British Columbia

Couple who lived in B.C. garden shed still homeless

A homeless couple in Kelowna, B.C., who had to leave the garden shed they were living in after a city inspector forced them out are still without a place to rent.
Dean Schaffler and his partner have money to pay rent, but can't find a place in Kelowna that will also let them keep their three dogs. (Brady Strachan/CBC News)

A homeless couple in Kelowna, B.C., who had to leave the garden shed they were living in after a city inspector forced them out are still without a place to rent.

In October, a woman rented her backyard, store-bought, sheet-metal garden shed to Dean Schaffler and his partner — and their three dogs — for $200 a month. Electrical power was supplied to the shed through a single extension cord.

But the City of Kelowna fined the woman $500 for ignoring a warning and continuing to let the couple and their pets live there, saying it was unsafe.

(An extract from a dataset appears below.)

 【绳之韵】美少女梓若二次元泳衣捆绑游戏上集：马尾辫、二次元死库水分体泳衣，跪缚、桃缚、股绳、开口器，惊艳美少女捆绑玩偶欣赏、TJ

"It was sufficient. We had insulation, we had a heater, we had a TV," Schaffler said.

That was two weeks ago, and Schaffler, his partner, Mary-Lynn Coleman, and the dogs have been back on the street ever since.

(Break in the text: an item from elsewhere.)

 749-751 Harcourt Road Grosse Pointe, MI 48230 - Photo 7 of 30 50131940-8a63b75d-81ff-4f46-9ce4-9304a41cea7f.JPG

"Well, I tell ya, it's not an enviable position to be in. But we're hoping something shows up," Schaffler told CBC News.

'This is no existence'

The couple spent the summer living in the open air and now receive $540 a month in housing assistance, but Schaffler said they’re having trouble finding a place for two people and three dogs at that price.

"I'd be in there so fast it would make their head spin. It would be remiss of me not to, right? Like, this is no existence, you know?"

Schaffler, his partner and dogs were happy live in this shed for several weeks. (Stephen Fleming/City of Kelowna)

Schaffler said the animals are well-behaved.

"They're all wonderful, as you can see. They're very tame."

The group has been spending their days on the sidewalk with cardboard sign on their shopping cart saying "desperately need place to rent."

There is room for the couple and their dogs at a local shelter, but the animals would have to stay in a separate room, which distresses them, said Schaffler.

Schaffler said he's not giving up on his animals, even if it means sleeping outside as the coldest months of the winter approach.